Language

The Linguistics of Arrival: Aliens, Fieldwork and Universal Grammar



Exhibition Research Lab

A talk by Jessica Coon (Associate Professor of Linguistics, McGill University, Montreal) and a conversation with Vincenzo Latronico (Writer, translator and guest co-editor of The Serving Library Annual 2018/19, Paris and Milan) curated by The Serving Library in partnership with the Exhibition Research Lab for Liverpool Biennial 2018.

October 26, 2018.
06:30 – 07:30pm.

If aliens arrived, could we communicate with them? How would we do it? What are the tools that linguists use to decipher unknown languages? How different can human languages be from one another? The recent science-fiction film Arrival touches on these and other real questions in the field of linguistics. In the movie, linguistics professor Dr. Louise Banks (Amy Adams) is recruited by the military to translate the language of the newly-arrived Heptapods in order to answer the usual question: why are they here?
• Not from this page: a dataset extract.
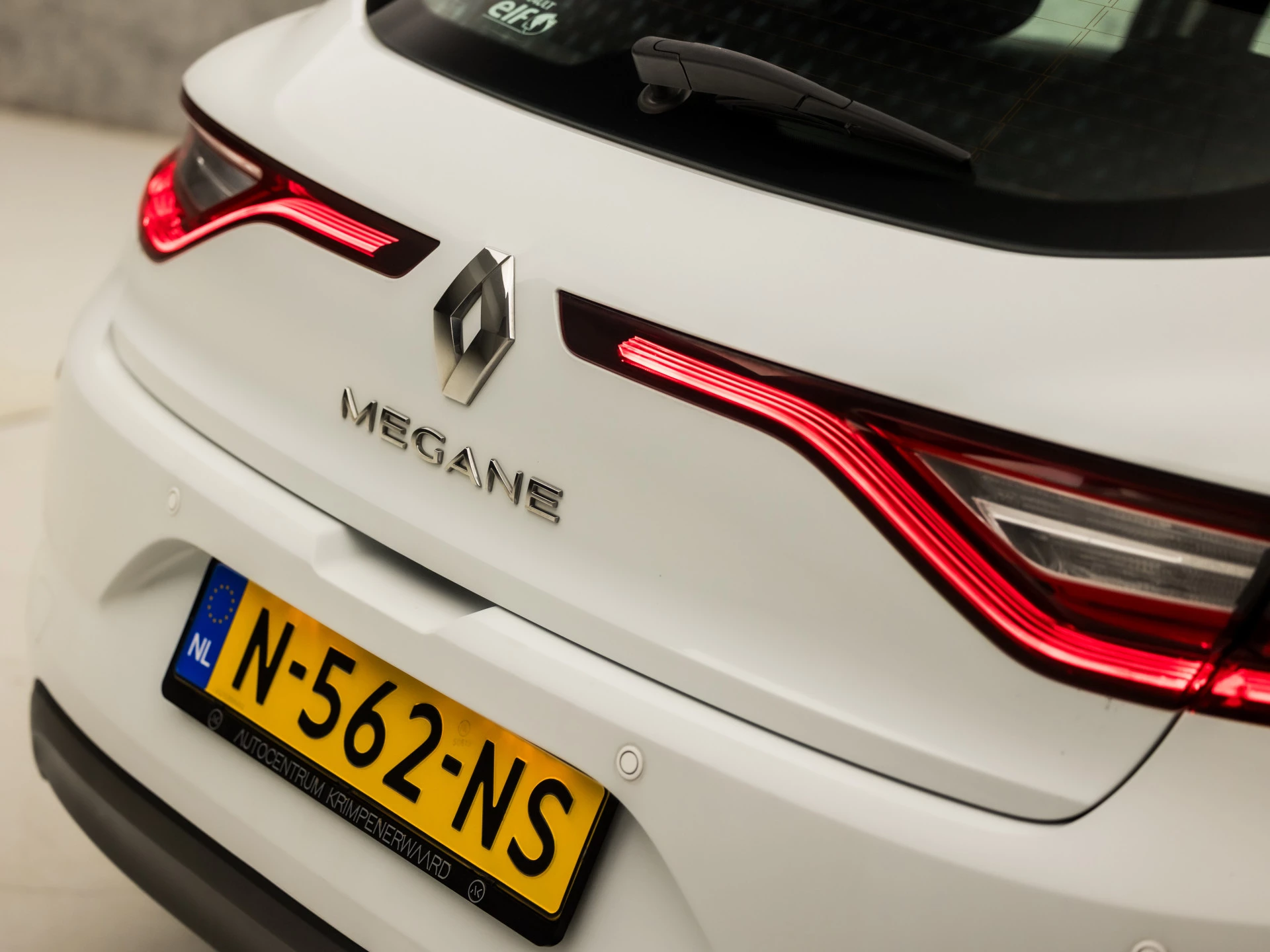 Hoofdafbeelding Renault Mégane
Language, it turns out, is a crucial piece of the answer. Although she has never worked with an alien, Coon was employed as scientific consultant for the linguistics in Arrival. In this talk she will discuss her own fieldwork on Mayan languages, what these languages can tell us about linguistic diversity and Universal Grammar, and how much any of this will help us at first contact.

There will be a subsequent discussion between Coon and novelist Italian translator and novelist Vincenzo Latronico.

Jessica Coon (b.1981) is Associate Professor of Linguistics at McGill University and holds the Canada Research Chair in Syntax and Indigenous Languages. Her research focuses on topics in syntactic theory, with a special focus on languages of the Mayan family. In addition to theoretical work, she leads collaborative language documentation and revitalisation projects with indigenous communities in Canada and Latin America. In 2015 she worked as the scientific consultant for the film Arrival, which stars Amy Adams as a linguistic fieldworker who is recruited by the military to decipher the language of the recently-arrived Heptapods. Since the film, Coon has helped create a public dialogue about linguistics and endangered languages through interviews and written work in outlets including Wired Magazine, The Washington Post and CBC’s The Current.

Vincenzo Latronico (b.1984) is a novelist and translator who lives between Paris and Milan. After the German publication of his second novel, La cospirazione delle colombe (The conspiracy of the doves), he has been named ‘a new master of Italian literature’ by the Frankfurter Allgemeine Zeitung. After publishing radical new translations of authors including H. G. Wells and Oscar Wilde, he is currently working on a new Italian version of Alexandre Dumas’ The Count of Monte-Cristo.

This event was organised as part of the ‘Beautiful World Where Are You? Talks Programme’ designed by The Serving Library and the Exhibition Research Lab to complement other Liverpool Biennial 2018 exhibitions and projects happening elsewhere in the city.